Saved entries:

============

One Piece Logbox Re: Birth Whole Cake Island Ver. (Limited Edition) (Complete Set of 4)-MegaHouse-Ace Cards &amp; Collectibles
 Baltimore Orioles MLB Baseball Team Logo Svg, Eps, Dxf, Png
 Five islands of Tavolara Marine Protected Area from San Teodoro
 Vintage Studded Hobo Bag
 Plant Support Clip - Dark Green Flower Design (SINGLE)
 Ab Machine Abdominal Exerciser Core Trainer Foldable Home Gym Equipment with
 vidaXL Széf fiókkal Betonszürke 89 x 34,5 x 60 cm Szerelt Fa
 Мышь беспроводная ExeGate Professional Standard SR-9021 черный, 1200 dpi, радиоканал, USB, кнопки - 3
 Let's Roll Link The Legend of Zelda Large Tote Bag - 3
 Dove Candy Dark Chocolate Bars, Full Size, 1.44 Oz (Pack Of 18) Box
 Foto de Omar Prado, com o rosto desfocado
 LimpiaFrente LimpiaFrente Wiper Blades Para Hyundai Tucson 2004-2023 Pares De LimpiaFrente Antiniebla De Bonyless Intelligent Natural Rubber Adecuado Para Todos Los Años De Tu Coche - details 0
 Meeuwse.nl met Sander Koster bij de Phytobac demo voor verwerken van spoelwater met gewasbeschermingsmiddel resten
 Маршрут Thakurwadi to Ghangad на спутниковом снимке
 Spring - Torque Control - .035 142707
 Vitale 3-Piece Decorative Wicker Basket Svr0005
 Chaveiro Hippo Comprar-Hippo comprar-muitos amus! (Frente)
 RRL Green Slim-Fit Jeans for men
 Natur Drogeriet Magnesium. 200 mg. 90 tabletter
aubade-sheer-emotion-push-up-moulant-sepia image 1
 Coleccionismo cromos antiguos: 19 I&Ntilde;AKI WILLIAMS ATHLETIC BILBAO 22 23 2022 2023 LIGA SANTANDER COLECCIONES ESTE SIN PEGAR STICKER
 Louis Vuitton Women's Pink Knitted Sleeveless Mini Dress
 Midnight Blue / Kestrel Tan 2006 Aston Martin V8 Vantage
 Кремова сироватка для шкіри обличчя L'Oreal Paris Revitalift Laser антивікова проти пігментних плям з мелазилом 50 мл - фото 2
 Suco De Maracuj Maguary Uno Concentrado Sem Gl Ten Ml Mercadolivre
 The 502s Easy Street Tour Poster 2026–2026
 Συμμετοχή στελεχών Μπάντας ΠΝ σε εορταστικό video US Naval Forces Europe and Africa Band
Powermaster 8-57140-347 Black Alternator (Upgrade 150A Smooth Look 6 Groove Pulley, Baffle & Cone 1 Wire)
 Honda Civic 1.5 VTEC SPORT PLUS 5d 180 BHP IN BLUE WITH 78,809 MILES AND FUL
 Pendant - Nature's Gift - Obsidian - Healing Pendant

============

What you will do: Your answer must consist only of the lines from the start of the records above through the line with "Vintage Studded Hobo Bag", each retyped exactly.

Task output:
One Piece Logbox Re: Birth Whole Cake Island Ver. (Limited Edition) (Complete Set of 4)-MegaHouse-Ace Cards &amp; Collectibles
 Baltimore Orioles MLB Baseball Team Logo Svg, Eps, Dxf, Png
 Five islands of Tavolara Marine Protected Area from San Teodoro
 Vintage Studded Hobo Bag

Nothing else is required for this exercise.